### DATA PROVIDED
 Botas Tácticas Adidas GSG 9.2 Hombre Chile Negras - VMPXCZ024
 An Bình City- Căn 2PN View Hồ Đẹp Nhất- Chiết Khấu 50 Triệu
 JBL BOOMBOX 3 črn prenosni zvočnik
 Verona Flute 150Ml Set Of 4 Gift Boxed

---

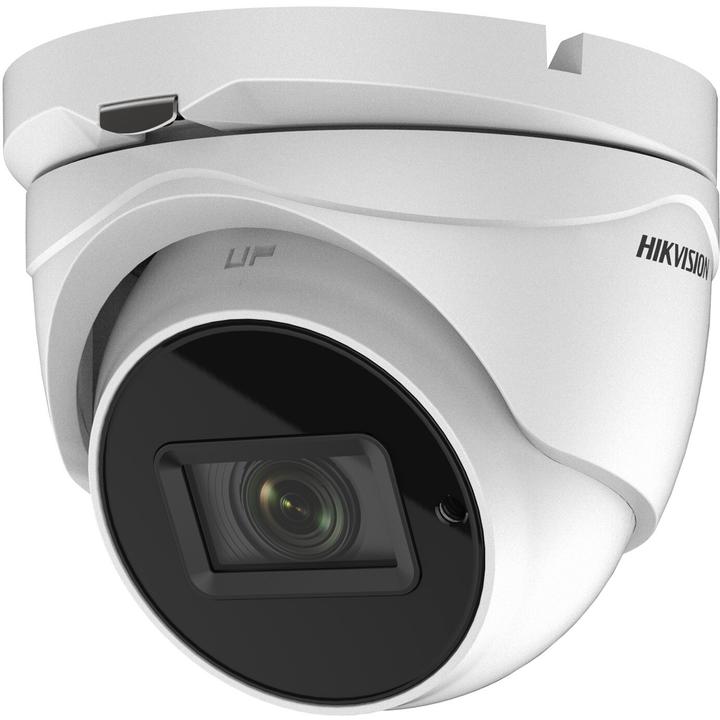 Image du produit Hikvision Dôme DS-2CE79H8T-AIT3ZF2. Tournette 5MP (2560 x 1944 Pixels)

### PROBLEM DETAILS
Word for word, restate the lines above from the line containing "JBL BOOMBOX 3 črn prenosni zvočnik" through the line containing "Verona Flute 150Ml Set Of 4 Gift Boxed", with both included and nothing else.

### RESPONSE BELOW
 JBL BOOMBOX 3 črn prenosni zvočnik
 Verona Flute 150Ml Set Of 4 Gift Boxed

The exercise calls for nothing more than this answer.